RM: Yeah. I was emotional last night. But I didn't get to see the show. There was a big party going on my restaurant and I was on Skype. I missed a lot of it. But the end of it all, the emotional part was all the support people were giving me.
Did you think the judges got things right throughout the series?
SL: They were very knowledgeable. I have very high respect for all of them. Sometimes, it's no different than being a chef. A lot of great comments and very worth to use. Sometimes we just know our food so it's interesting to hear them talk about our food in different languages. I learned a lot actually.
RM: Yes. I think they did. Now, they're judges. That's the greatest part of these things. On Top Chef Masters, the chefs talk back to the judges. With your whole life, you read with baited breath, your reviews. They used to mean so much. They could make or break you, New York Times three star reviews. It's like winning the lottery, truly. Your business explodes. Or that once sentence that says your broccoli is tired, it's with you forever. We're chefs. We're uber-critical of ourselves.

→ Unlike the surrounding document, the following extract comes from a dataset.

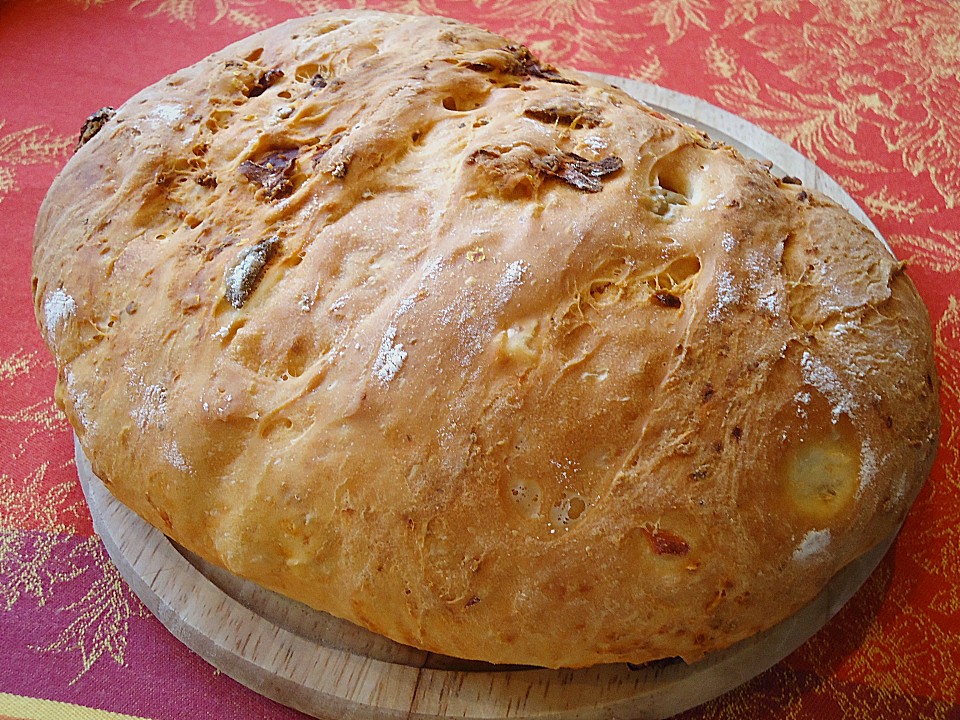 Brot mit Oliven und getrockneten Tomaten von Pumpkin-Pie | Chefkoch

Throughout the series, what was the hardest aspect for you?
SL: It was almost 1:30 or 2 in the morning. We'd been cooking all day. We were a little bit tired, mentally and physically. Then they said, "tomorrow we're going to meet you in the lobby at 7." I thought it was a joke but they meant it. Now they really want to break us down, physically. You need sleep, you need focus. I think that was one time that I remember so well. Just give us some sleep, you know?
RM: Physical. Unbelievable. Listen dude, you'd get home late. I'm in good shape. But that "wedding wars" thing. Holy smokes, I thought I was going to die. I burned the heck out of my hand. They didn't really show that, but I get back to my room, I'm bandaging my knuckles and I have to get back up in a couple hours. My biggest fear was that I was going to go blind. Asked a question and just be in la-la land. Luckily, that didn't happen.
How does Top Chef Masters help your career going forward?
SL: It's just a beginning. It's brought me a lot of business and a lot more opportunities. I'm looking forward to seeing what's going on. I have customers that walk in with just their suitcases. They'd just landed. I got a lot of attention and it massaged my ego a lot [laughs].
RM: It opens the doors like you wouldn't believe. Television equals business. Bravo has a cult following. For me, being so close to L.A. in Vegas, I've really appreciated an incredible increase in business. I think May was the biggest growth month than any of the previous year, since I've opened my restaurant.
Can you tell me how you chose your particular charity?
SL: My whole family are tennis players. My son has a scholarship in the states for tennis. Those things are close to my mind. Right away, we wanted to do the Andre Agassi Foundation.
RM: I've always been supportive of hunger related charities. I came out to Vegas, and there's this food bank, Three Square. I love children and the next generation have all the opportunities to save the world. That's my ulterior motive. To save the world.